Questions we need to answer

1. What transport issues could occur when the auto installation process is scaled up to multiple clients?
   1* It depends on the number of clients and the amount of server resources available. If the server cannot handle all the requests, there will be performance issues, and reliability issues.
   1* It depends on where in the process the failure occurs
   1 Initial boot:
   1* X86: Uses DHCP and TFTP if one step fails to respond in time, the boot fails
   1* SPARC: Uses DHCP and HTTP. If one step fails the boot is retried, perhaps 10 times?
   1 Boot archive downloads
   1* All: If the download fails, wget(1) can retry, BitTorrent could retry too. This would be specified in the SMF method under the auto-install service
2. What factors limit the number of simultaneous client installations, and how can those be scaled?
   1* Server resources
   1* limitation on the transport we cannot change
   1* The inability of the transport to adapt to the scaling
3. What steps will a user need to follow in order to set up an AI for multiple clients?
   1* This depends on the other tools (installadm etc.)

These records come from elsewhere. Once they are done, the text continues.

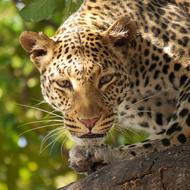 Leopard at Safari Wildier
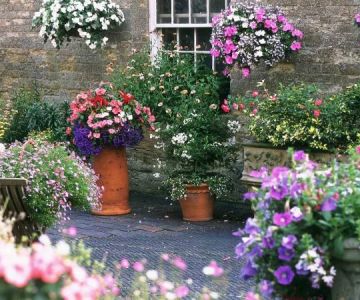 How to Landscape With Container Gardens Year-Round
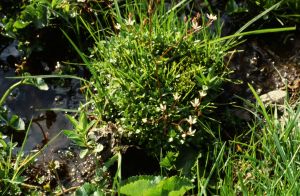 Saxifrage étoilé 2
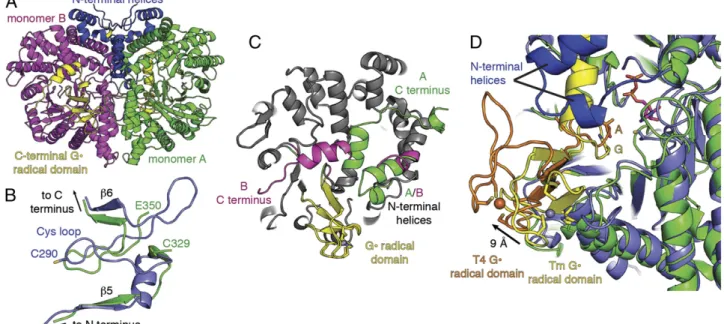 Fig. 5. Overall structure of T. maritima class III RNR. (A) The structure of the dimer is shown with monomer A (green) and monomer B (magenta) joined by an interface that contains four N-terminal helices specific to TmNrdD (blue)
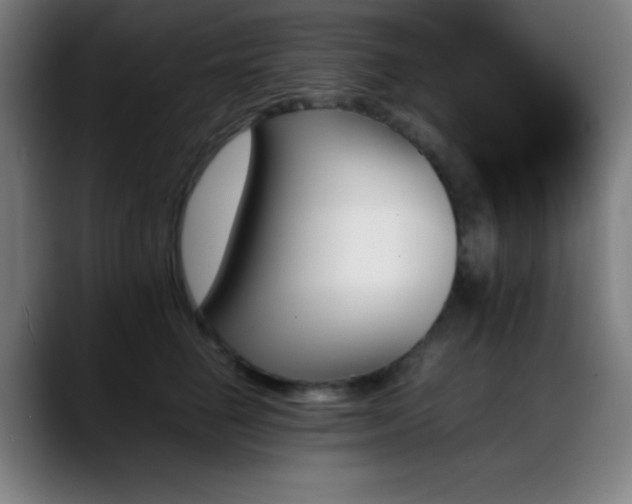 X0000089350662200706151102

   1* If we are sticking to transport, the user needs to tune the configuration files needed by the transport depending on the need of the environment
4. What type of observability tools could we provide to the user that would allow the user to observe the installation, failures that occur in the client, the server, or the data transfer?
   1* The transport logs
   1* Status monitor for all clients
   1* Tool(s) to monitor client transmission to catch status and failures
   1* server failure will make the client fail or hang during data transfer
5. How will we scale the observability tools to handle simultaneous client installations?
6. How will we scale the observability tools if multiple clients are installing from multiple install servers? What about from multiple networks?

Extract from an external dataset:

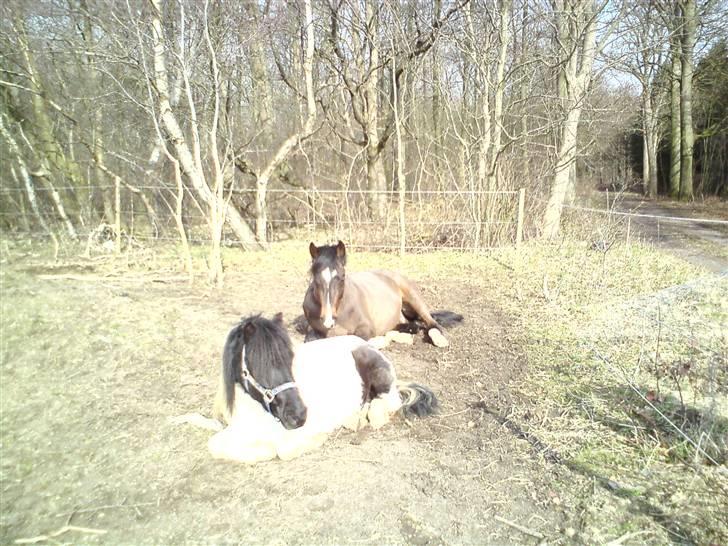 Dansk Varmblod hegnsly´s Callisto *RIP* billede 8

7. Where is the user located during the installation process? We need to determine this.
8. If you have 300 client installations and 35 fail, how do you determine which 35 clients failed?
9. What tools do we currently have that might help us develop an observability tool?
10. 1* Logging in /tmp
    1* Networking
    1* SNMP traps
    1* Others?
11. There two phases we need to consider:
    1* Before Solaris boots, and the client is in PXEgrub
    1* After the Solaris boots
12. What failure scenarios should we consider?
    1* mechansim could go down
    1* Install Server could go down
    1* Client could go down
13. We need to think about how to make sure that the user can observe what is happening when you have a large number of clients:
    1* What points are observable?
    1* How will we observe those points?
    1* Is there value in observing a particular point?
    1* What are the characteristics/attributes a user wants to observe?
    1* How will we provide the useful information to the user?
    1* What is observable on the client side, the server side, and the interaction between the two?
14. What are the logical phases for implementing this design?